Читаем Последний летописец полностью

Карамзин — Колумб, то есть первый… Между тем и сам Карамзин, и Пушкин, и еще немалое число образованных людей хорошо помнили, что в XVIII столетии древнюю Россию искали и находили Ломоносов, Татищев, Щербатов, Болтин — и не только они… Пять томов русской истории составил и француз Левек. Из этого ряда двое должны быть выделены особо:

Василий Никитич Татищев (1686–1750): после его смерти вышла „История российская с самых древних времен“, где рассказ о событиях останавливался на XVI веке.

Михаил Михайлович Щербатов (1733–1790), выпустивший 15 частей „Истории российской от древнейших времен“, которые оканчивались на 1610 годе.

Карамзин будет часто на них ссылаться; много раз обратится к тем летописям, хронографам, духовным сочинениям, которые были обнаружены и впервые введены в оборот предшественниками.

Позже научный авторитет Татищева и Щербатова в общем возрастал. В середине XIX столетия крупный историк-юрист С. Ешевский станет сожалеть, что российская публика забыла „почтенный труд князя Щербатова“; великий историк Соловьев тоже скажет немало добрых слов об ученых XVIII столетия; в наши дни труды Татищева переизданы; подтвердились многие его сведения, к которым прежде относились скептически. Открыв любой современный курс историографии, мы найдем, что Татищев, Щербатов уважены там примерно так же, как Карамзин…

Но Карамзин — Колумб, а его предшественники, выходит, вроде тех доколумбовых путешественников, которые тоже достигли Америки, но мир об этом не скоро узнал, не оценил? Дело в том, что Татищева, Щербатова не читали (за исключением узкого круга знатоков). Для большинства читающей публики — в том числе для круга Пушкина, декабристов — Карамзин станет действительно первым.

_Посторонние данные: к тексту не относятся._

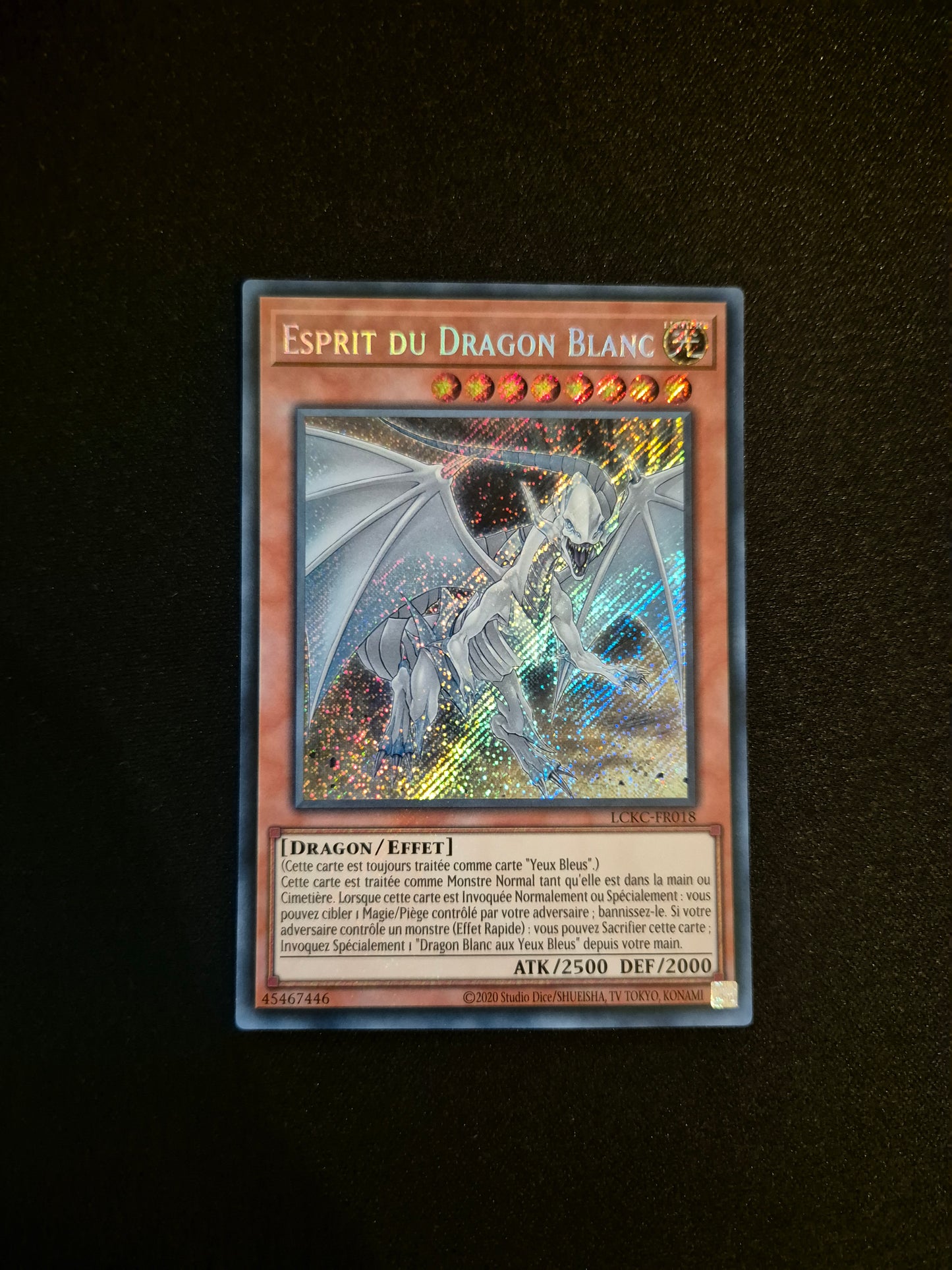 Carte Yu-Gi-Oh! Esprit du Dragon Blanc Secret Rare LCKC-FR018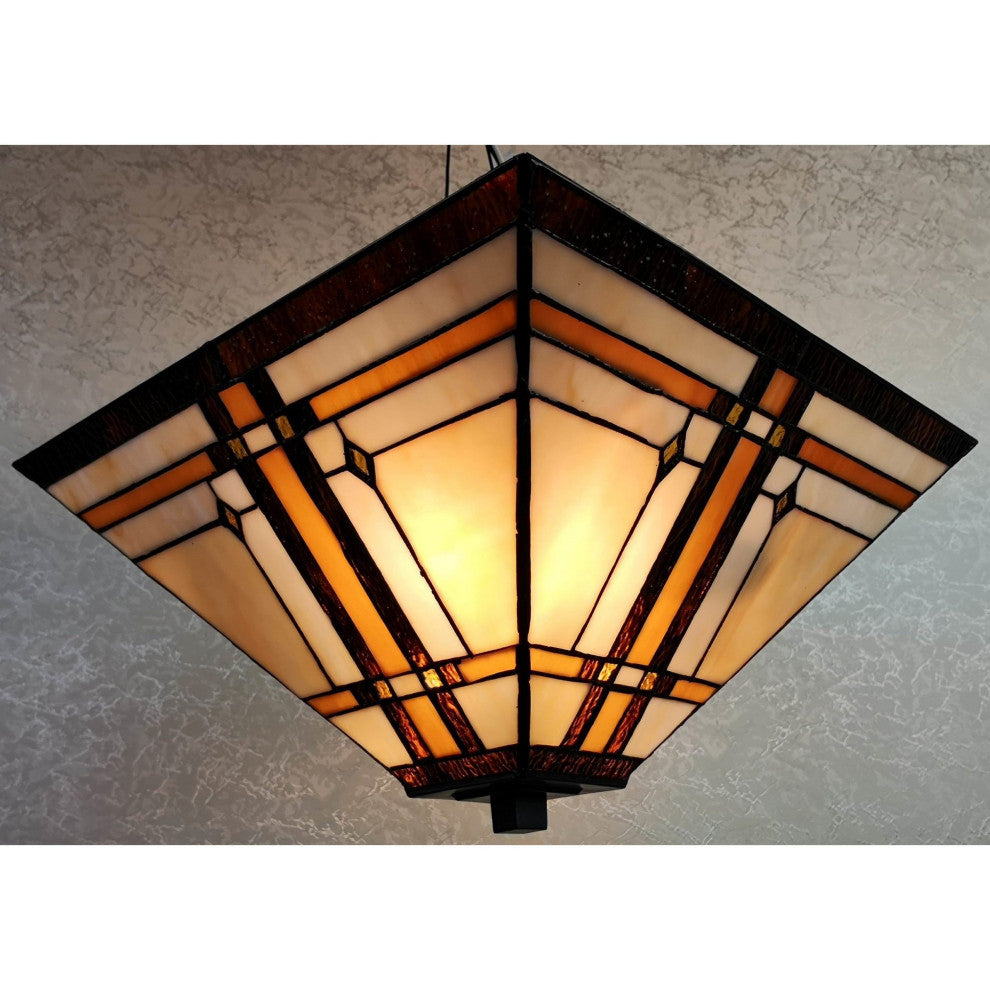 Amora AM085CL14B Tiffany-Style Mission 2-Light Semi-Flush Ceiling Fixture, 14"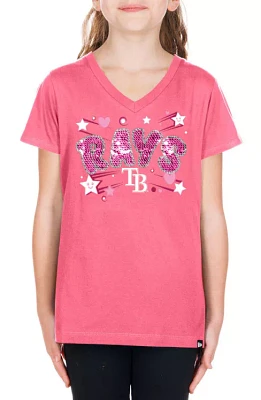 New Era Girls' Tampa Bay Rays Pink V-Neck T-Shirt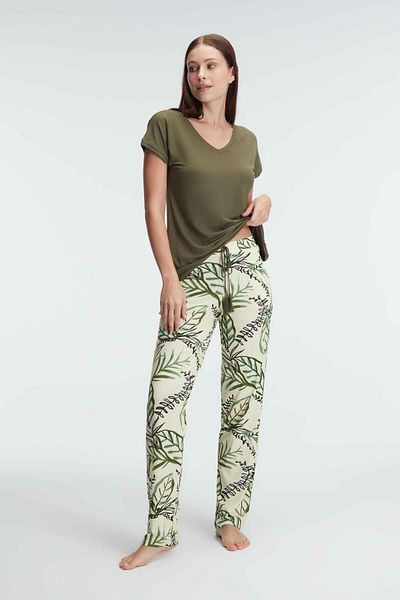 ANIL AMBALAJ Short Sleeve V-Neck Women's Viscose Floral Patterned Summer Knitted Lace Detailed Pajamas Set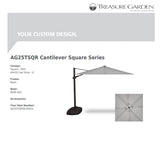 Treasure Garden Umbrellas Cast Silver Treasure Garden AG25 Cantilever 10' Square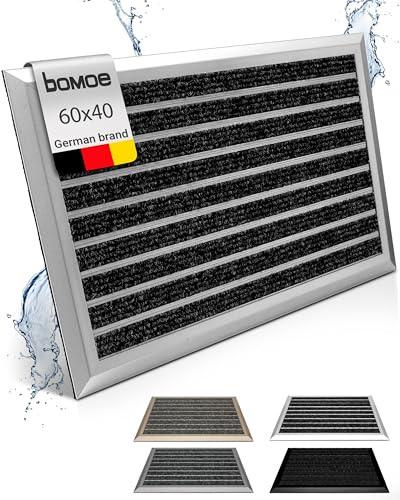 bomoe Fußmatte Außen rutschfest Rostfrei Fussabtreter Aussenbereich | 40x60cm Silber Outdoor-Fußmatte Eingang Fußabstreifer Gitter Fusmattenteppich Türmatte Sauberlaufmatte AluGant
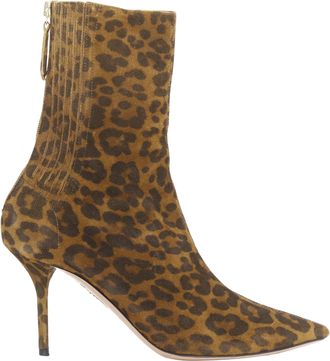 Aquazzura Montmartre leopard print suede pointy boots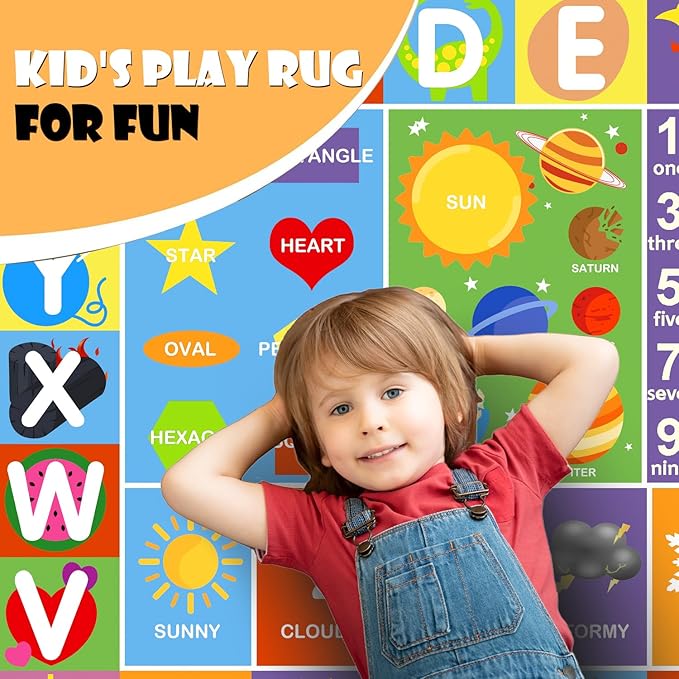 Alphabet Rug for Kids - Soft ABC Kids' Rug with Non-Slip Backing, Educational Playroom Carpet for Toddlers with Letters, Numbers & Shapes - 9'2" x 6'7" (Rectangular)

Восклицание известного Федора Толстого (после прочтения Карамзина): „Оказывается, у меня есть Отечество!“- выражает ощущение сотен, даже тысяч образованных людей.

Карамзин в нашем повествовании только еще приступает к работе, а мы, опережая события, толкуем о плодах. Но все же повторим (это нужно для объяснения карамзинского феномена): „История Государства Российского“ имела больший общественный успех, чем любой другой исторический труд до и после Карамзина.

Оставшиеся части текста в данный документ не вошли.